A new column is added to the PostgreSQL table whenever a new key appears in an item during the initial data load or while replicating changes. For example, if "ip" -> "198.51.100.3" key is encountered in an item and the table does not have an ip column, then the following command is sent to the database:

ALTER TABLE clicks ADD COLUMN ip text;

After replicating a single item, the table might look as follows.

SELECT * FROM clicks;
-[ RECORD 1 ]-------------------------------------------------------------------------------------------------------------------------------------
sitename | citusdata.com
time     | 2017-09-18 16:08:36.989788+02
pageid   | 347712
ip       | 198.51.100.3
object   | home_button

In DynamoDB, the same key can appear with different types as long as it's not part of the primary key or a secondary index. If Podyn encounters a key-value pair with a type that's not compatible with the column type, then a new column is added with the type name added as a suffix. For example, if an item appears which contains "ip" -> false, then Podyn would send the following command to PostgreSQL:

ALTER TABLE clicks ADD COLUMN ip_boolean boolean;

If you have keys that have values of different types, or many different top-level keys, then you may want to consider using JSONB mode.

JSONB mode

In the JSONB conversion mode (-m jsonb), the initial schema is never changed. Instead, a single JSONB column is added that contains the entire DynamoDB item in JSON format.
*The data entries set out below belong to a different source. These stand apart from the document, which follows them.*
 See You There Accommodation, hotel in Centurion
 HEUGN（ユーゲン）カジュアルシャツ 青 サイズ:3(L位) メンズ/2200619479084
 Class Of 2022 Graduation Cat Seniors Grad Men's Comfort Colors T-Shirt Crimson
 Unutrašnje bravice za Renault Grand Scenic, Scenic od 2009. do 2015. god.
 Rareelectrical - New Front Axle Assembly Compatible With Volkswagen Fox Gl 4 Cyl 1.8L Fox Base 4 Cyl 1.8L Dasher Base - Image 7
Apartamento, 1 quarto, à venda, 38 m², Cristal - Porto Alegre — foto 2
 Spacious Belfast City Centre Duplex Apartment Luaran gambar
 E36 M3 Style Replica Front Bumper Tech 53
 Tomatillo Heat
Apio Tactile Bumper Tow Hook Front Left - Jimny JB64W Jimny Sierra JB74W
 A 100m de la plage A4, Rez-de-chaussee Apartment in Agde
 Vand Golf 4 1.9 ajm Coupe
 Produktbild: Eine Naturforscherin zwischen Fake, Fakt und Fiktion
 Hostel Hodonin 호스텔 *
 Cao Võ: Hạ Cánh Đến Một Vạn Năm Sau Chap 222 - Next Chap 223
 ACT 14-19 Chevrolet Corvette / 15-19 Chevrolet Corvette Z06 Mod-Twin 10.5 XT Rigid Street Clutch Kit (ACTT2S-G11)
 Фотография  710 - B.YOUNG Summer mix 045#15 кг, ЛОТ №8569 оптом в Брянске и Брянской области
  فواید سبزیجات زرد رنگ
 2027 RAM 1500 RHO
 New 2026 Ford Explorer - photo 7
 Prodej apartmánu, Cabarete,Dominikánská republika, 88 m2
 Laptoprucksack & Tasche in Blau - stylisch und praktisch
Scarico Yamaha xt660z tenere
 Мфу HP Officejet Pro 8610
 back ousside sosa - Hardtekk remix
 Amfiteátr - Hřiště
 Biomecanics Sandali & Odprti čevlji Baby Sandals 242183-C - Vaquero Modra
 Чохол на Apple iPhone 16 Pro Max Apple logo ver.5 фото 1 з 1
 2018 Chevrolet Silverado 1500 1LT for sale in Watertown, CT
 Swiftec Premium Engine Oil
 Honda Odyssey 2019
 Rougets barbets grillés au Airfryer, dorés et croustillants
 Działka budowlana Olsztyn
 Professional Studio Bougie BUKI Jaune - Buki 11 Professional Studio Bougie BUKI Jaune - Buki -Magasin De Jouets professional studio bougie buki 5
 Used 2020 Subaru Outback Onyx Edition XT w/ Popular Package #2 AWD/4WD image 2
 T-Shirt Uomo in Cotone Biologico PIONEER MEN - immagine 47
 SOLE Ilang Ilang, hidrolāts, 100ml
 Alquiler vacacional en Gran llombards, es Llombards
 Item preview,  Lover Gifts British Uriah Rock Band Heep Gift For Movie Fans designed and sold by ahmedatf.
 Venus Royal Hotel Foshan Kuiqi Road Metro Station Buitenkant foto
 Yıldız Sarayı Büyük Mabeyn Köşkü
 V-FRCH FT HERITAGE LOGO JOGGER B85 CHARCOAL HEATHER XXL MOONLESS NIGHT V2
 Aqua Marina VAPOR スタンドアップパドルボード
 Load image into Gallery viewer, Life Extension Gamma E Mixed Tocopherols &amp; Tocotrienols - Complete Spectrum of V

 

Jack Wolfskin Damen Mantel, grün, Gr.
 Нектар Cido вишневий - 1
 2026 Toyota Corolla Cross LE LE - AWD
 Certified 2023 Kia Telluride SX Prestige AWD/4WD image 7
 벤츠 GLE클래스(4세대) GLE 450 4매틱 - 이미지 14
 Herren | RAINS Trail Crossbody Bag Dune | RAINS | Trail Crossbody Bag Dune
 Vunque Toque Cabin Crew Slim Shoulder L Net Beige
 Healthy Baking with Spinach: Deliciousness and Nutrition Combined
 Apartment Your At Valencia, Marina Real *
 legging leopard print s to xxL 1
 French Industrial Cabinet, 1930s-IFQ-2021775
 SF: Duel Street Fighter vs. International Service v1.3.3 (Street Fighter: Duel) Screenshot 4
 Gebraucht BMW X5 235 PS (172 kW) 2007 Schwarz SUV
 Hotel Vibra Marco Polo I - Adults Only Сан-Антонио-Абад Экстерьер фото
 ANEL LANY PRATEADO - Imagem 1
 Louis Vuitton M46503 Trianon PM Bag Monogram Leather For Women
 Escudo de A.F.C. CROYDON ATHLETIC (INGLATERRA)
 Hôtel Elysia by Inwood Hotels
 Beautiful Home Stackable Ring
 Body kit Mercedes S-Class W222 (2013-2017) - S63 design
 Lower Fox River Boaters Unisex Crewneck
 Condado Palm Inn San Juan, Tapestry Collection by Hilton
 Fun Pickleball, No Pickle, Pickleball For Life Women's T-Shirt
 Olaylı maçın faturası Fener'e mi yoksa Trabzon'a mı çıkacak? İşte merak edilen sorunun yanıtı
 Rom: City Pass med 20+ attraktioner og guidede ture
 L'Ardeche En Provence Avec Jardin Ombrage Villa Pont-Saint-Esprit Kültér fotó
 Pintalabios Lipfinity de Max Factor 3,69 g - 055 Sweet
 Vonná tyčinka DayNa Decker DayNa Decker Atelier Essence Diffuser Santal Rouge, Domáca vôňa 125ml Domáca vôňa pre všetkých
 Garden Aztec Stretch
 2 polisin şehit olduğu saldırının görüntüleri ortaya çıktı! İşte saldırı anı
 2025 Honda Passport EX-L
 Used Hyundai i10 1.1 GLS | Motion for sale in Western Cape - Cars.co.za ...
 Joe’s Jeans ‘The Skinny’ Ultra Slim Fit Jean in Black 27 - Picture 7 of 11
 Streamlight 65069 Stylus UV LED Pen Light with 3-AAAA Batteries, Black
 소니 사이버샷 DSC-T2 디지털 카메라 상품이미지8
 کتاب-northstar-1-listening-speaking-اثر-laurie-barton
Constructing the schema in jsonb mode is done in the same way as in columns mode (partition key and secondary indexes become columns) except with an extra column named data with the jsonb type. In the clicks example, Podyn would send the following statements to PostgreSQL:

CREATE TABLE clicks (
   sitename text NOT NULL,
   "time" text NOT NULL,
   pageid numeric NOT NULL,
   data jsonb,
   PRIMARY KEY (sitename, "time")
);
CREATE INDEX "pageid-index" ON clicks (pageid);
SELECT create_distributed_table('clicks', 'sitename');

During replication, the entire DynamoDB item is converted to JSON, including the fields that already appear as columns, for example:

SELECT * FROM clicks;
-[ RECORD 1 ]-------------------------------------------------------------------------------------------------------------------------------------
sitename | citusdata.com
time     | 2017-09-18 16:08:36.989788+02
pageid   | 347712
data     | {"ip": "198.51.100.3", "time": "2017-09-18 16:08:36.989788+02", "object": "home_button", "pageid": 347712, "sitename": "citusdata.com"}

The JSONB mode has an additional advantage that you can safely set up multiple Podyn instances for replicating changes. They will automatically divide the work and if a node fails, the other node(s) will automatically take over.